Of the 23 signatories to this letter, two of them Li Rui and Hu Jiwei are veteran opponents of authoritarianism. Li Rui was Mao Zedong’s Secretary, but dismissed because of his opposition to Mao’s disastrous economic policies. Hu Jiwei was the Director to the Party mouthpiece the People’s Daily, but was forced to step down because of his support to democracy. That even serving officials from the Central Party School and other institutions have put their names in the latter suggests a strong churning within the party on the issue of political freedom.
Most of these signatories to the letter are unlikely to be prosecuted given their old age and status. At the same time, a real effect of this letter on the current policy is doubtful.
There is no connection of this letter with the award of 2010 Nobel Peace Prize to jailed activist Liu Xiaobo, as the letter was drafted before the award. It is very possible, however, that the two events would merge with each other in due course.
Liu Xiaobo was the author of Freedom Charter, charter-08, which was in the same spirit of this letter, with support from the known pro-democratic activists.
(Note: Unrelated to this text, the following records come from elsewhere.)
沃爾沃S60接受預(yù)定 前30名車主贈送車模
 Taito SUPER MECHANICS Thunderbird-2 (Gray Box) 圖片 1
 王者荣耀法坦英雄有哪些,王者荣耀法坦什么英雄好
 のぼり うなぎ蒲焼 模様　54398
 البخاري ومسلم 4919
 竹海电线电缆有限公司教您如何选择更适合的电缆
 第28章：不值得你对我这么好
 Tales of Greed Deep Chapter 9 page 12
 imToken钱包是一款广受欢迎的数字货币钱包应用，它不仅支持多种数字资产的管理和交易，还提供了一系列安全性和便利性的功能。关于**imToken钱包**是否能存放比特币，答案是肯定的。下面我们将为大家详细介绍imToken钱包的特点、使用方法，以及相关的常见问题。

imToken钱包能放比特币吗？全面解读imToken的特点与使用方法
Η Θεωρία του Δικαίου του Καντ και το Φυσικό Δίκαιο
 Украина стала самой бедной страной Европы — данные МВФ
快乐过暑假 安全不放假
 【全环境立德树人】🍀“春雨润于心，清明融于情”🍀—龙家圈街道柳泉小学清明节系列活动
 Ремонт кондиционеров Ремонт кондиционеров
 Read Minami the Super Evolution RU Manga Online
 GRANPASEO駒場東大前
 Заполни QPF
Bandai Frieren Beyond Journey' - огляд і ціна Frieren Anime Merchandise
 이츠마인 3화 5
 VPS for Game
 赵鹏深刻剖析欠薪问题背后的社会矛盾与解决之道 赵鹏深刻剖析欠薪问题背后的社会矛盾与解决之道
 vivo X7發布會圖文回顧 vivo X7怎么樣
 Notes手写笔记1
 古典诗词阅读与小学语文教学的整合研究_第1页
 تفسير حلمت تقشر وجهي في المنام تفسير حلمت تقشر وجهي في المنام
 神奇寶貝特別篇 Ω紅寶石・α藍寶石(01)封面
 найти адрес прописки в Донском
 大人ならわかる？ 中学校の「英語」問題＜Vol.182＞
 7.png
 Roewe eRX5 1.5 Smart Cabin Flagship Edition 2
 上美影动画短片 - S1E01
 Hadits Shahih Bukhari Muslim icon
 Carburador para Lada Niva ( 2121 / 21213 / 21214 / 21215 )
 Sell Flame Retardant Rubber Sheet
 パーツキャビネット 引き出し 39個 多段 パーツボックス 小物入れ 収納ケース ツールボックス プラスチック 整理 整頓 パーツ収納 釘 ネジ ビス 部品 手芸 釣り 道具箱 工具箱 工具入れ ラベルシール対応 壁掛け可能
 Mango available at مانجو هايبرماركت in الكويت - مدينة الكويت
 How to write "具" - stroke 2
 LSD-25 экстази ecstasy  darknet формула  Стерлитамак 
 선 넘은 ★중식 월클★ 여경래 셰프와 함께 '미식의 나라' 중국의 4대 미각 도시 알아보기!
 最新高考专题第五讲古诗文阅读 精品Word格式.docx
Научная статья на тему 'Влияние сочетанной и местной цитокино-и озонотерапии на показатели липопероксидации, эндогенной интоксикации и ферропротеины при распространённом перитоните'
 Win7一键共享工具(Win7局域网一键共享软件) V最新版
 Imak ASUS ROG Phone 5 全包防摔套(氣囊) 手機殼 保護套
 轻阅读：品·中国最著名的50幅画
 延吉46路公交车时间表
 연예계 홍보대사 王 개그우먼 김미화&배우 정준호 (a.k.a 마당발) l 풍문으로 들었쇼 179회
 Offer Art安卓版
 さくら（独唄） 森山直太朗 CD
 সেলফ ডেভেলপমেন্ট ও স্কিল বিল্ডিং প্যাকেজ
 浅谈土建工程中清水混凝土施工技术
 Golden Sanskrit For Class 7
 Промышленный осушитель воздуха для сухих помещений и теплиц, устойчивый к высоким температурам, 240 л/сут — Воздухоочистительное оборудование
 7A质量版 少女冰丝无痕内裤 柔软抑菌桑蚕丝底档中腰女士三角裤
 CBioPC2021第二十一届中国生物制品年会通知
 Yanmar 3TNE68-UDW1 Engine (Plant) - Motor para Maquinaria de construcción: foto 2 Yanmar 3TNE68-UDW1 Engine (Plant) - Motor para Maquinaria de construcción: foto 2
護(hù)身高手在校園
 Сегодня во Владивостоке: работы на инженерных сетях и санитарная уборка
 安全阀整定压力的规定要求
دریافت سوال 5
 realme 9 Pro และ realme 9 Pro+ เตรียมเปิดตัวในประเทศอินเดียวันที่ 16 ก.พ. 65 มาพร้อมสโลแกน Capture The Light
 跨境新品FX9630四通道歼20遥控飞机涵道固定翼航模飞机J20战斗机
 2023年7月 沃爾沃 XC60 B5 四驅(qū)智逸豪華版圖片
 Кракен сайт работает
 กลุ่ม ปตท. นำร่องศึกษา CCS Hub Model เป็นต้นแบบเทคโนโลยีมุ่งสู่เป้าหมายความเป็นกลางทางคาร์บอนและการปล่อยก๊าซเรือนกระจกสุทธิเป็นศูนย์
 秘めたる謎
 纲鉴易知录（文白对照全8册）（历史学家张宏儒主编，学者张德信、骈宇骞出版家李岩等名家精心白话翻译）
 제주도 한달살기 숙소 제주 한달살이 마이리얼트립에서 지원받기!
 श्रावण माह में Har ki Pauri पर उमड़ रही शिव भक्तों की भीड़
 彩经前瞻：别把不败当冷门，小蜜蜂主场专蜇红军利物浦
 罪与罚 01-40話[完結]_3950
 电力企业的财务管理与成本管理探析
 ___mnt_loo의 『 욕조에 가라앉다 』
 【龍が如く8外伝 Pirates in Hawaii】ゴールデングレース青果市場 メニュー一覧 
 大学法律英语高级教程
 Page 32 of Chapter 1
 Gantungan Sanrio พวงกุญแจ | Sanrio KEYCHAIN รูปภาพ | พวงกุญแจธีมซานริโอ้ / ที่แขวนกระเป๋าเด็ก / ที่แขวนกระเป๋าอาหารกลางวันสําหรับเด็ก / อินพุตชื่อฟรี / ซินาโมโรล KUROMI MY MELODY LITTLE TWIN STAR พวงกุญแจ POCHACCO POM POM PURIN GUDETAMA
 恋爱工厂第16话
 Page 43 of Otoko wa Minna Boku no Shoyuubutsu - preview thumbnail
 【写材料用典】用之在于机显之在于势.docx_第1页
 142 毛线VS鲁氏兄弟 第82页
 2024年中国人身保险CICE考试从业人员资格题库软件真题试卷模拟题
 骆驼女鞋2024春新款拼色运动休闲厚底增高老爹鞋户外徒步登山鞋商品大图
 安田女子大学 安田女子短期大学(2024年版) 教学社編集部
For exercising his right to freedom of speech, he was sentenced to eleven years in prison last year, very similar to journalist Xie’s case. Is there any suggestion that the hardline authorities are beginning to relent a bit? We have a long wait for proof.
The most critical issue is the censorship of Wen Jiabao’s speeches on political reforms being blacked out from the Chinese media. The CPD could not have dared to oppose the Premier, if it had not been ordered to do so. And the person who could do this is Party General Secretary Hu Jintao and his supporters in the CCP Politburo Standing Committee.
It may be recalled that blocked by conservative in the party, Deng Xiaoping quietly travelled to Shenzen in January 1992 to push reform and opening up. The event was initially censored in the mainland, but came back through Hong Kong, still a British colony. There was no stopping Deng’s “to be rich is glorious” call after that.
Wen Jiabao is no Deng Xiaoping. Hu Jintao is still powerful with the dedicated Communist Youth League (CYL) structure behind him. It is Hu, who is basically blocking political reforms especially from 2004, though this process started after Deng’s death. Even then, the whole of China has moved forward.
The Wen Jiabao incident appears to have created a major division in the run up to the 18th Party Congress. No one is calling for the dissolution of CCP or multi-party democracy. But freedom of speech as guaranteed under the Constitution is the cutting edge, and could avoid a political and social implosion. This is not likely to happen today, or even tomorrow. But the party will have to reinvent itself, if it wants to hold on to power for a long time.